Goal of the exercise
Print exactly the lines from the one containing "Snapshot of mia_bella04" through the last line of the entries below; the pictures stay out of the copy.
Data listing section start
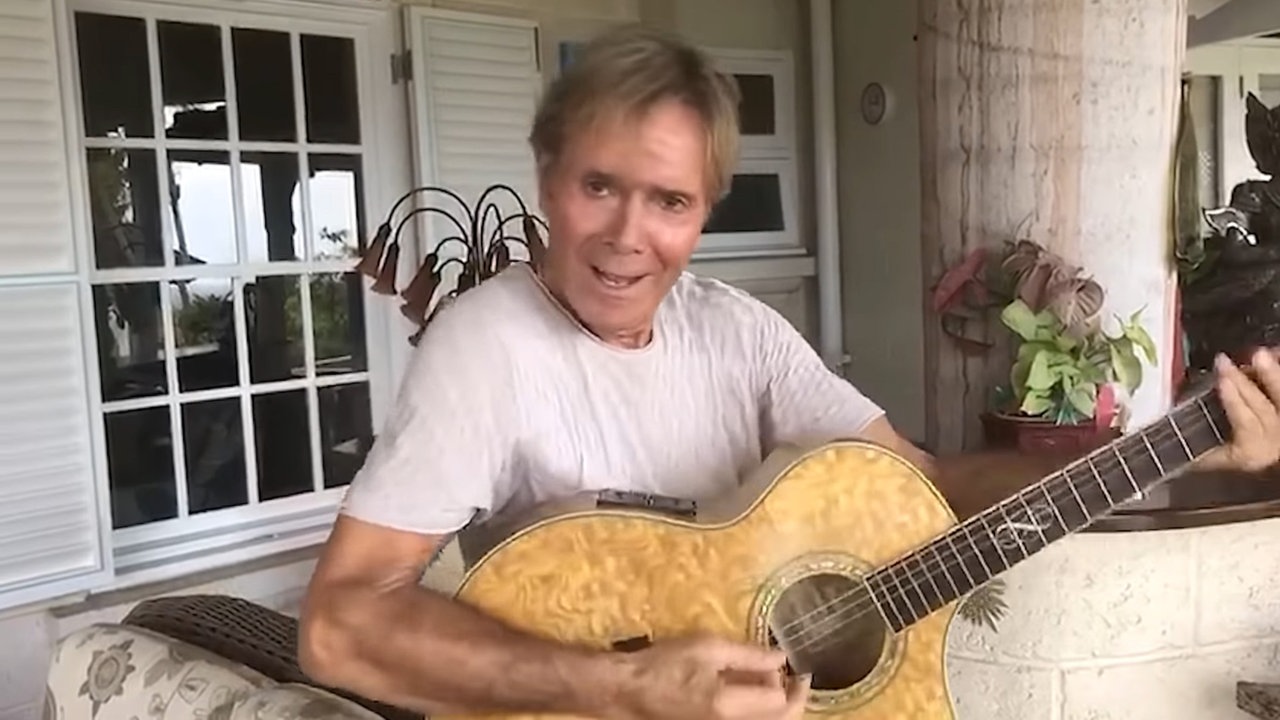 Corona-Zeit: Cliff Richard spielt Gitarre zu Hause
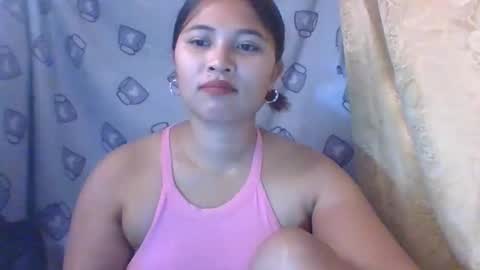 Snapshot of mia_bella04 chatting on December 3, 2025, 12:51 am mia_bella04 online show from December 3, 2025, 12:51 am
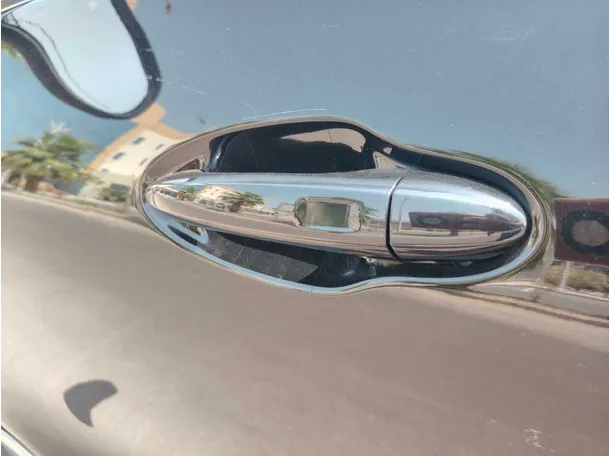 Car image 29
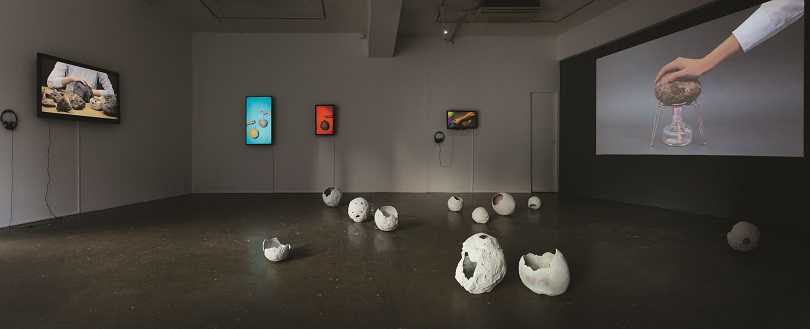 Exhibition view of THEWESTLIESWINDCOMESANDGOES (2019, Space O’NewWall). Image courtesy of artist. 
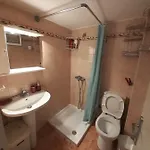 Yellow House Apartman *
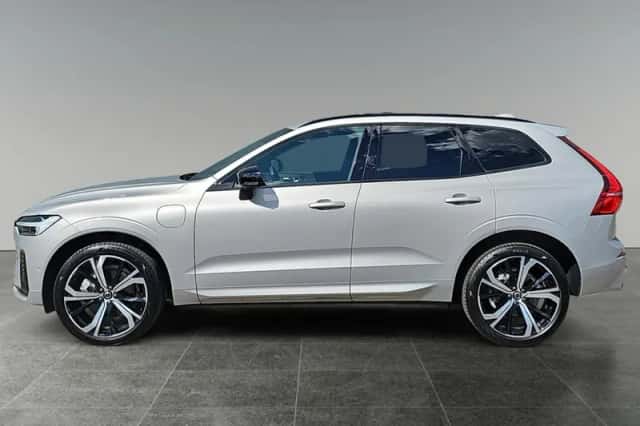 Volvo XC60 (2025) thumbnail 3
Data listing section end
Exercise response
 Snapshot of mia_bella04 chatting on December 3, 2025, 12:51 am mia_bella04 online show from December 3, 2025, 12:51 am
 Car image 29
 Exhibition view of THEWESTLIESWINDCOMESANDGOES (2019, Space O’NewWall). Image courtesy of artist. 
 Yellow House Apartman *
 Volvo XC60 (2025) thumbnail 3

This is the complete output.